Even if I was retired, I wouldn't want to spend several hours of my day
nursing someone. I'm not good at that, and I don't enjoy it.

> people would live in multigenerational homes

I would much sooner live in a small apartment with my wife than have either of
my parents in my house. They aren't my friends, I don't enjoy their company, I
would be constantly avoiding topics that my wife and I talk about freely like
politics or sexuality.

One of my parents doesn't know that I'm transgender and the other one isn't
thrilled about it. I would expect a lot of negativity about that.

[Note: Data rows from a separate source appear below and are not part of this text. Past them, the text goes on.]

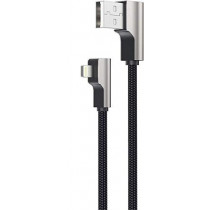 AUKEY CB-AL01 Black OEM nylonowy kabel USB - Lightning | 2m | wtyki 90 stopni | certyfikat MFi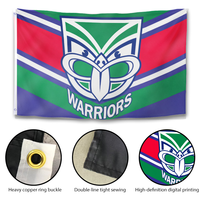 Drapeau de supporter de rugby personnalisé bleu vert rouge, bannière murale double face en polyester style équipe sportive pour décoration intérieure et extérieure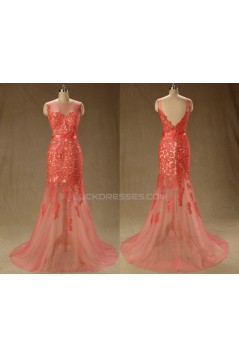 Trumpet/Mermaid Lace Applique Long Red Prom Evening Formal Dresses ED011560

> I’ve always felt they were essentially warehousing elderly people so that
> their families didn’t have to look after them.

Maybe they're a local maximum.

We've realized that taking care of seniors, especially when they live longer
than ever in gradually worsening health, doesn't sound like a good use of our
time.

But euthanizing them is obviously off the table. [1] So the nursing home
evolved as a way to 'politely' live as though your parents or grandparents
have already died.

Nobody really likes it, but the alternatives are worse.

[1] It might have been acceptable in a small farming village in the old days
where the alternative was everyone starving.

But it's hard to justify when the only thing I might lose from a
multigenerational lifestyle is my own happiness, my free time, my freedom, a
lot of money, and my marriage. If I only stand to lose everything _but_ my
life, it sounds selfish to say I want them to live somewhere else.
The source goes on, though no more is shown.